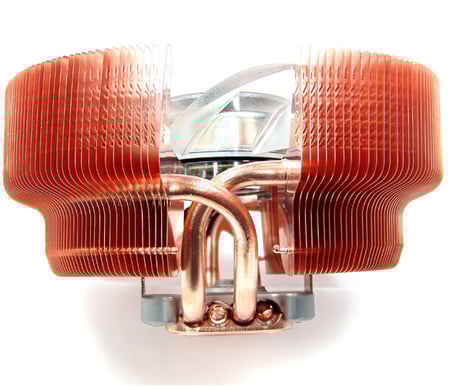 Zalman CNPS-8700 LED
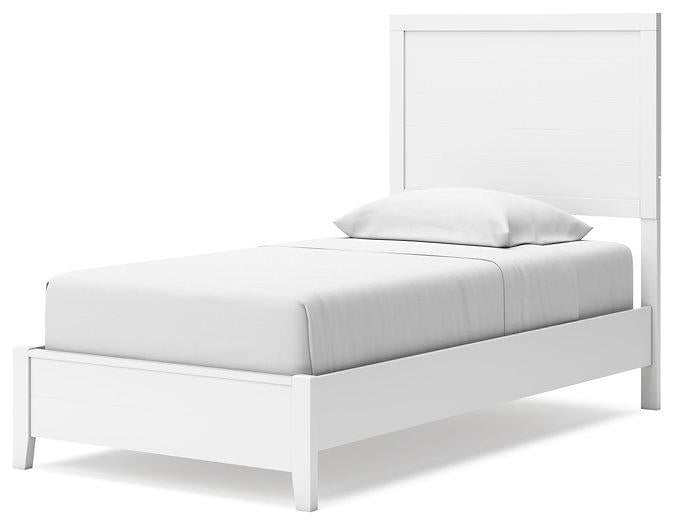 Binterglen Bed - Carl's Furniture (Garden City, KS)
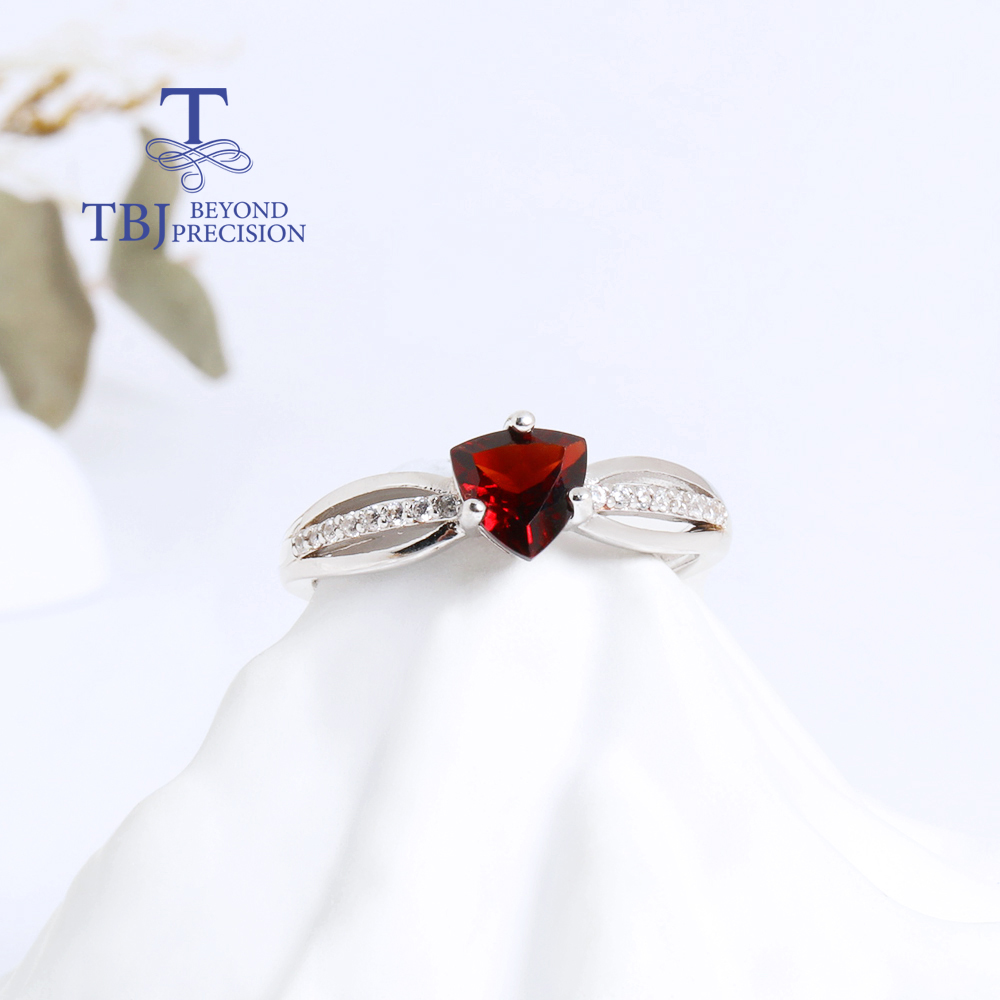 2026,Amazing  925 silver Earri - Birthstone Ring Set recension och pris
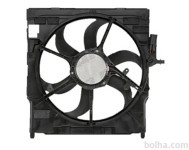 Ventilator hladilnika 20T123W1 - BMW X6 13-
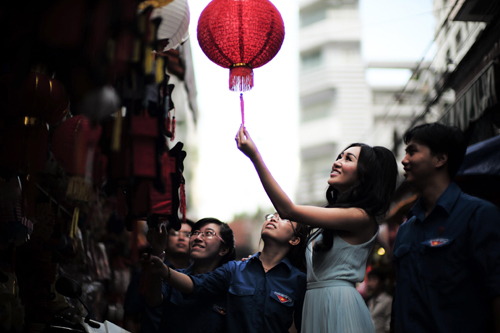 Huỳnh Thuý Anh, Hoa hậu Huỳnh Thuý Anh, Sao việt, Tin ngôi sao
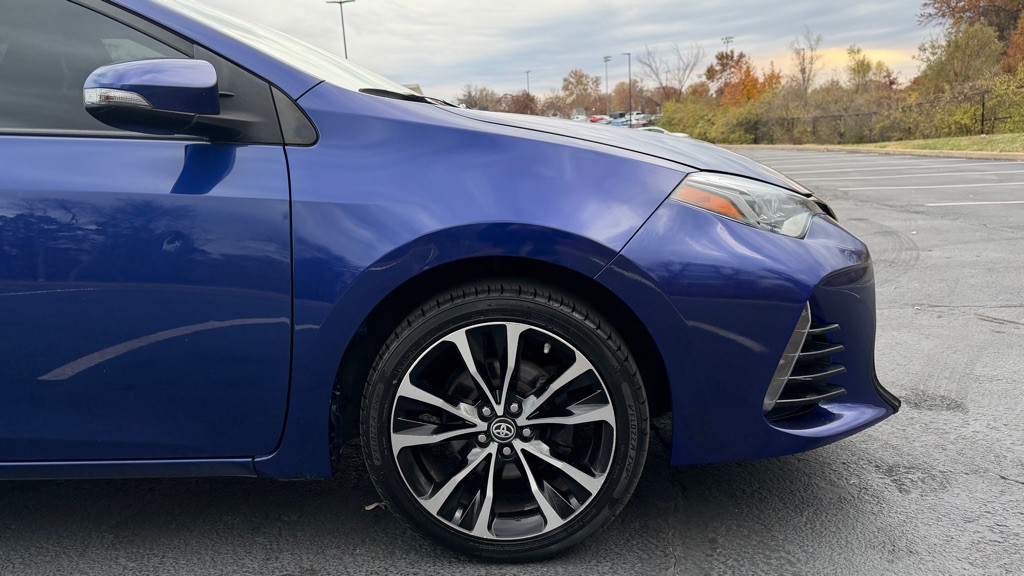 2017 Toyota Corolla Image 23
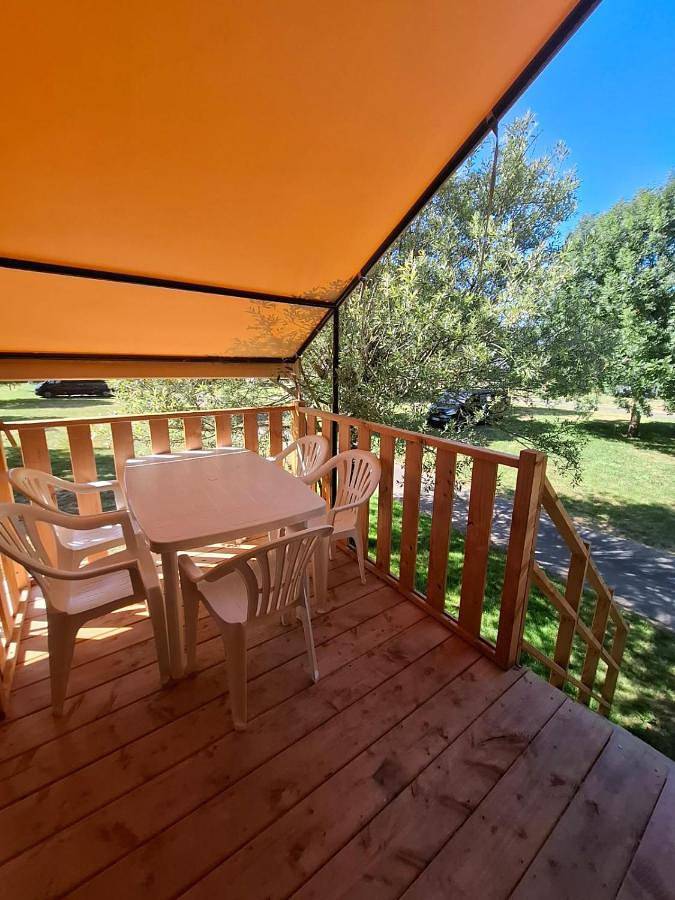 Location de vacances pour 5 personnes, avec vue et jardin dans Gennes-Val-de-Loire - 4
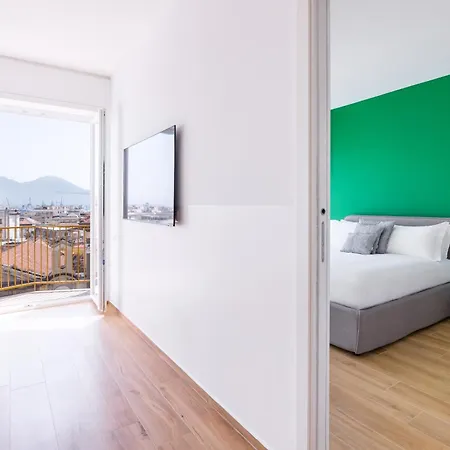 Apartment At Twenty-one - New Exclusive Panoramic Views!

⁂

**What you are asked to do:** Give the listing again word for word, without its images.

**Task result:**
 Zalman CNPS-8700 LED
 Binterglen Bed - Carl's Furniture (Garden City, KS)
 2026,Amazing  925 silver Earri - Birthstone Ring Set recension och pris
 Ventilator hladilnika 20T123W1 - BMW X6 13-
 Huỳnh Thuý Anh, Hoa hậu Huỳnh Thuý Anh, Sao việt, Tin ngôi sao
 2017 Toyota Corolla Image 23
 Location de vacances pour 5 personnes, avec vue et jardin dans Gennes-Val-de-Loire - 4
 Apartment At Twenty-one - New Exclusive Panoramic Views!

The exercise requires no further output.